Sign Petition to stop Venture Tax - cgherb911
http://annualmeeting.nvca.org/index.php?option=com_content&view=article&id=61&Itemid=56

======
anigbrowl
I was rather skeptical of this due to the absence of specific detail on what
was going to be taxed and how.

It seems reform proposals include the idea of taxing a _fund manager's_ share
of a fund's annual profits, known as 'carried interest' - a performance bonus
in addition to regular management fees, sometimes as high as 20% - as ordinary
income. Currently it is booked as capital gains, although the fund manager may
not have invested any capital.
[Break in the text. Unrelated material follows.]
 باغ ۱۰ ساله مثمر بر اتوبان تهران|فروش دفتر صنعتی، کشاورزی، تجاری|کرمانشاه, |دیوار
You can find out if a fund manager is invested
in their own fund by reading the 'Statement of Additional Information' (SAI)
on their website/prospectus.

 _Investors_ in a VC fund would continue to be taxed under capital gains
provisions, as they are now. Also, a fund manager's own capital investment in
a fund would be continue to be taxed as capital gains; only the amount paid as
a performance bonus for success in managing _other_ people's money would be
taxed as income. Losses would continue to be offsettable for tax purposes as
they are at present, it seems.

[http://www.businessweek.com/news/2010-05-13/senators-seek-
ve...](http://www.businessweek.com/news/2010-05-13/senators-seek-venture-
capitalist-waiver-from-fund-tax-update1-.html) has some additional
information, and
[http://webcache.googleusercontent.com/search?q=cache:WBne-r3...](http://webcache.googleusercontent.com/search?q=cache:WBne-r3bULsJ:www.icsc.org/government/toolkits/CI%2520Bill%2520Language.doc+%22carried+interest%22+thomas.loc.gov&cd=3&hl=en&ct=clnk&gl=us)
reprints the relevant language in the house bill.